Another drawback here would be that there’s a bigger chance of seeing future_version
errors which would increase load on the system. Last but not least, the master role can’t be scaled. So putting more work towards the master is generally something you want to avoid (even though giving out read-versions isn’t super expensive, it still would require the master to get a transaction budget from Ratekeeper, batch requests and generally have to maintain potentially thousands of network connections from clients and server processes).
Get Read-Version from one Proxy
You can actually do this by setting the flat CASUAL_READ_RISKY
(I am not a fan of the name of this, as I would argue that in almost no cases doing this is actually risky). In that case the client would ask a random proxy for the last committed version.
This is probably the cheapest way of doing it (and I would argue in most deployments this should be the default).
However, this strategy comes with drawbacks:
- You could have a stale proxy. In that case the read-version would be old. This would increase chances of transaction conflicts (and conflicts are generally bad as these transactions use resources without doing work).

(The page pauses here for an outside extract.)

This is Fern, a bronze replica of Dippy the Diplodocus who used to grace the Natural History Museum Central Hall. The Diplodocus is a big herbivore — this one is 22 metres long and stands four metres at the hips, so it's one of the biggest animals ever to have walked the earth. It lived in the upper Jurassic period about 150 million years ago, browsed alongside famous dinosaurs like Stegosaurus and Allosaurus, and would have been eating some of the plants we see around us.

- It will violate external consistency. This means that if you start two transactions A and then B (in that order), A might get a higher read-version than B - so B will logically run before A. This basically means that your transactions will be reordered. Your transactions will still be serializable (a database is allowed to reorder transactions as long as the ordered execution is serializable) and this is why I would argue it is in general not a big deal.

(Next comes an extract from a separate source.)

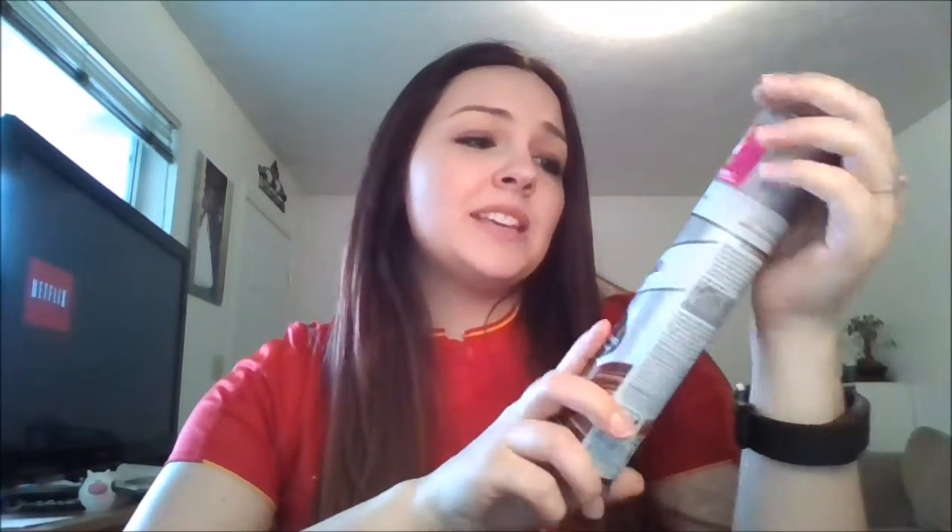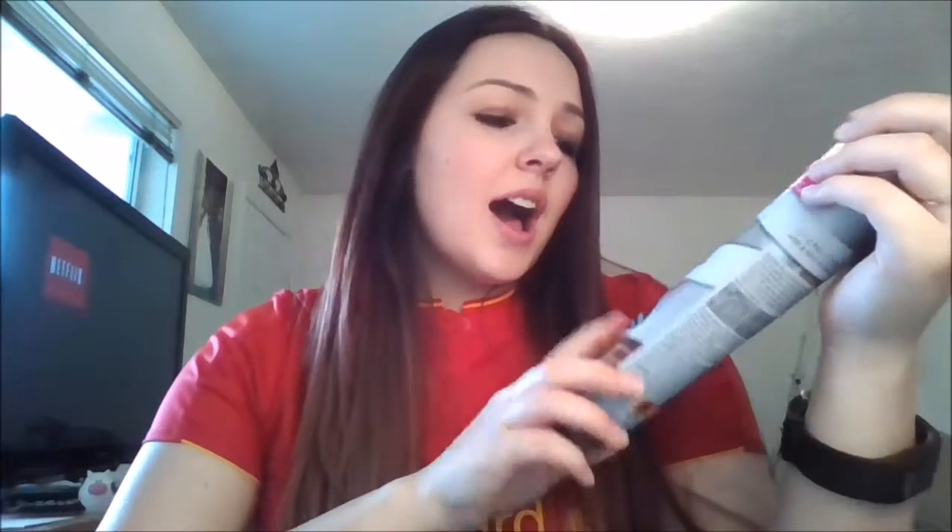I'm sure you guys know what dry shampoo is — this is a terrible review, I'm sorry. I don't know what I'm saying and I'm running out of time.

- You might not read your own writes. This is a consequence of losing external consistency. You could write something in a transactions, successfully commit and then start another transaction which will read the same keys but you will read them in the state they were before you committed. I guess this is really the worst drawback as it is not very intuitive to the user. But keep in mind: you still wouldn’t violate serializability: any attempt of writing after reading this old state will result in a conflict.
I would like (and probably will implement) some changes to make above problems less problematic. We can so something for each point:
- The proxies could communicate with all other proxies at least once per 10ms (I made up this number on the spot - might be larger or smaller). This way, a proxy could limit how old the read version is.
- I think not having external consistency is fine for most applications. If you need external consistency, you need to disable
CASUAL_READ_RISKY
.
- Whenever the client commits a transaction, it could set an internally maintained max-committed version. After getting a read-version it could compare this read version with the highest committed version it knows of and use the larger one. This would be free for the FDB cluster (and very cheap on the client) and it would guarantee that would always see your own writes. From the view of one client you would have almost external consistency.
With these two simple changes, (and 1 might have been done already, but I need to check the code), clients could only see that there’s no external consistency if they communicate with each other through other channels than FDB (for example through direct network communication or another database). If that is the case in your application you might not want to use CASUAL_READ_RISKY
.
Don’t get Read-Versions
This is actually a valid strategy. Whenever you commit, you get a version back that you can use as a read-version for your next transaction. Obviously, if your client doesn’t generate any load it would mean you will get a stale read version and all your transactions will abort (either by conflicting or by getting a past_version
errors.
However, you could measure throughput at your client and decide to only fetch a read-version from a proxy if your last commit is old. Clients could even share their versions with each other, although I am not convinced you can do this in a more efficient way than just using the proxies.
I hope these explanation helps. There might be other ways of optimizing this part and I would be happy to hear about them.